* _Data shown_

----------------------------------------

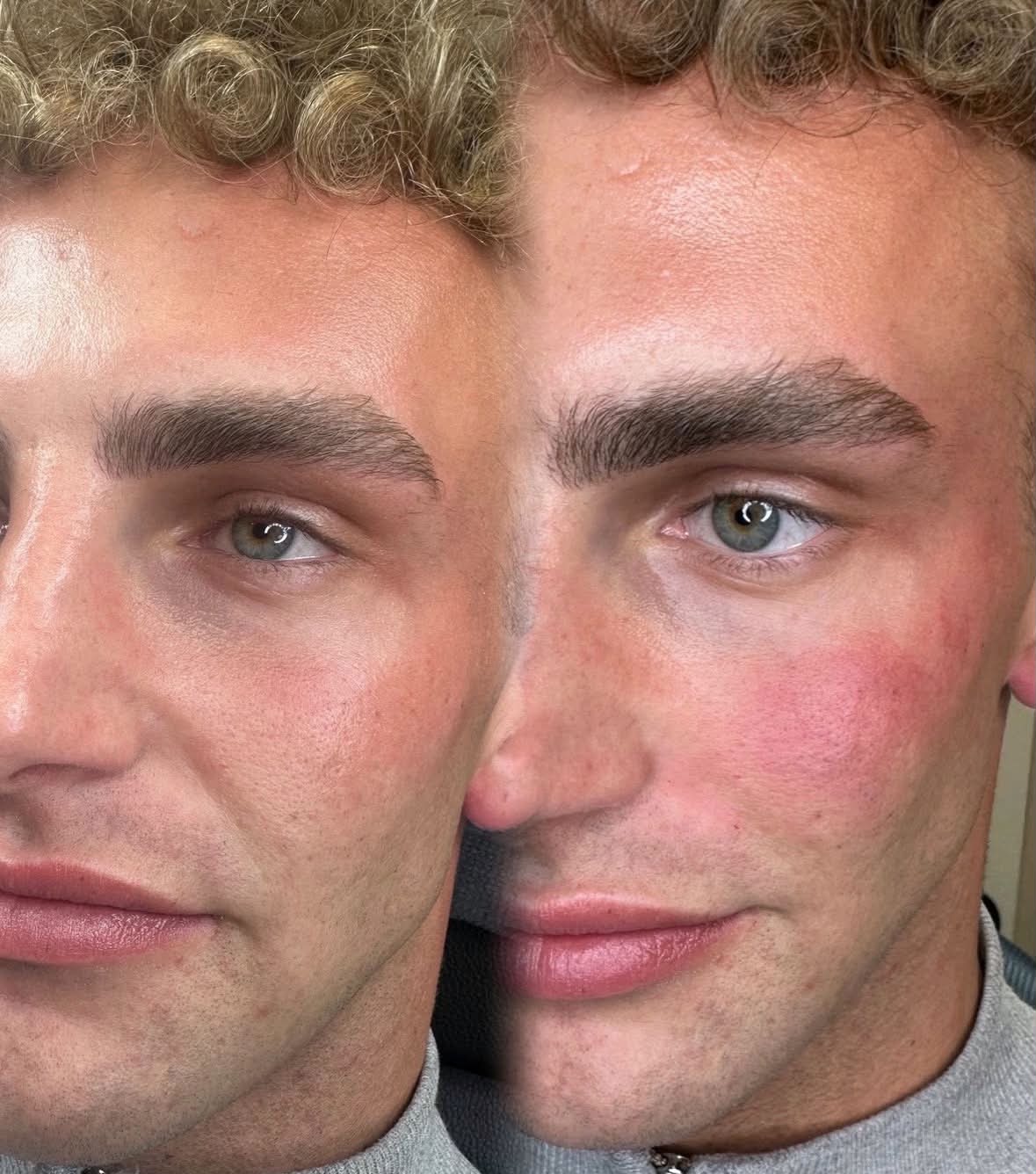 Skin treatment before and after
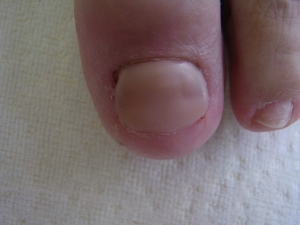 nagel na reparatie met gel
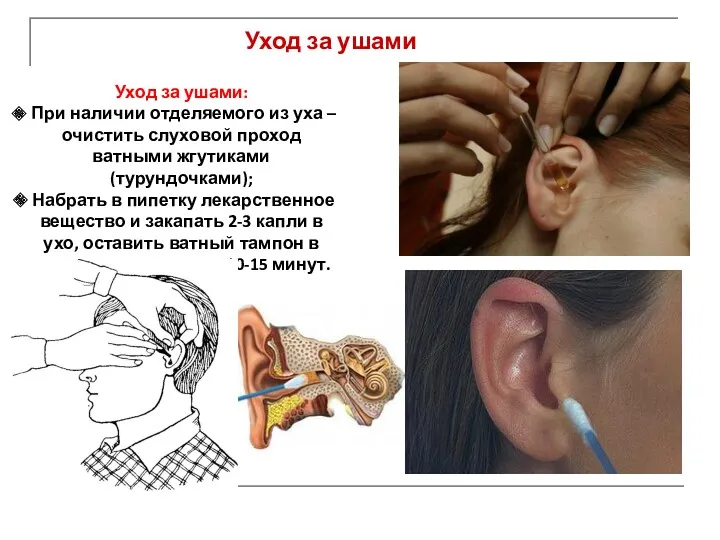 Уход за ушами: При наличии отделяемого из уха – очистить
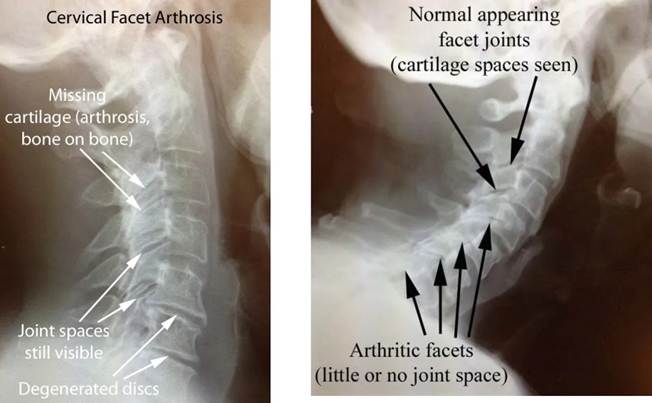 facet arthritis early cervical facet arthrosis image with labels for missing cartilage arthrosis bone on bone joint spaces still visible degenerated discs compared to normal appearing facet joints cartilage spaces seen arthritic facets little or no joint space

----------------------------------------

* _Instructions for the task_
Starting at the line that contains "nagel na reparatie met gel", transcribe every line through the end of the listing exactly, including both end lines and excluding pictures.

* _Answer to this exercise_
 nagel na reparatie met gel
 Уход за ушами: При наличии отделяемого из уха – очистить
 facet arthritis early cervical facet arthrosis image with labels for missing cartilage arthrosis bone on bone joint spaces still visible degenerated discs compared to normal appearing facet joints cartilage spaces seen arthritic facets little or no joint space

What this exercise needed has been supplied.